Al fin, Higinio nos daba la llave, una llave grande y pesada, dorada, con la medalla redonda y el perfil cilíndrico, largo y hueco, colgando de un enorme llavero de madera. Teresa y yo nos peleábamos por cogerlo y ver qué número de habitación nos tocaba. Solía ganar ella y echaba a correr por las escaleras sin revelarme el número. Yo la seguía protestando. Detrás, nuestros padres subían despacio, cargando con las bolsas. No corráis, no hagáis ruido. Venid a ayudarnos, pero Teresa ya se había detenido delante de la puerta y metía la llave, satisfecha. En cuanto abría, corría a la litera adueñándose de la cama de arriba. —¡Mía! A mí siempre me tocaba la de abajo. Pero aquel viernes no me importó. Era una de las habitaciones que daban al aparcamiento y al monte blanco, lleno de arbustos. El monte donde todo era posible y al que nadie iba porque no se esquiaba. El monte que yo iba a escalar. Abrí la ventana y me apoyé en el alféizar contemplando su silueta contra el cielo negro. Me maravillaba la luz de la nieve en la oscuridad, pálida, sucia ahora por los árboles que la entreveraban. Todo era negro y sin embargo la nieve resplandecía. El aire frío sopló mi rostro. Sentí los labios helados, los 14


párpados. Abrí la boca y dejé que ese frío me invadiera por dentro. —¿Quieres cerrar la ventana? Antes de que pudiera hacerlo, mi madre empujó la hoja y la manilla.

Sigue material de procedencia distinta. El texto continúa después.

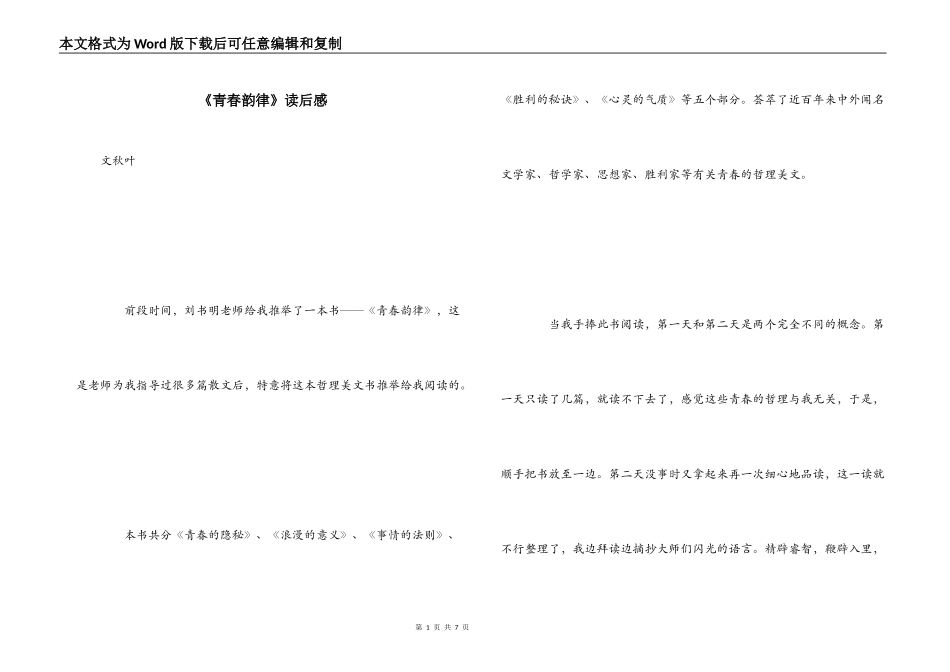 《青春韵律》读后感_第1页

Mi aliento hizo un borrón en el cristal, se llevó la montaña. —Guardad vuestras cosas. ¿Vais a bajar al salón antes de cenar? —Claro —dijo Teresa, contenta, desde lo alto de su cama, moviendo las piernas. Yo, sin embargo, no quería hablar. No quería que aquel frío se fuera de mis labios. Seguía con ellos entreabiertos, sintiendo mi boca helada, enorme. Cerré los ojos para percibirlo mejor y ya solo era eso, labios. Frío. Era el invierno y era la boca. Y también el incendio que llevaba dentro, el aliento que destruía el monte en la ventana, el inicio del deseo que tiraba de mí y que iba a hacer que todo cambiara. Entonces escuché el golpetazo de los pies de Teresa contra el suelo y el vendaval de su cuerpo caliente y mortal, su empujón. —Vamos a ver a Mario. De pronto, todo ese frío se perdió en aquel nombre. Con las mejillas ardiendo, corrí detrás de mi hermana.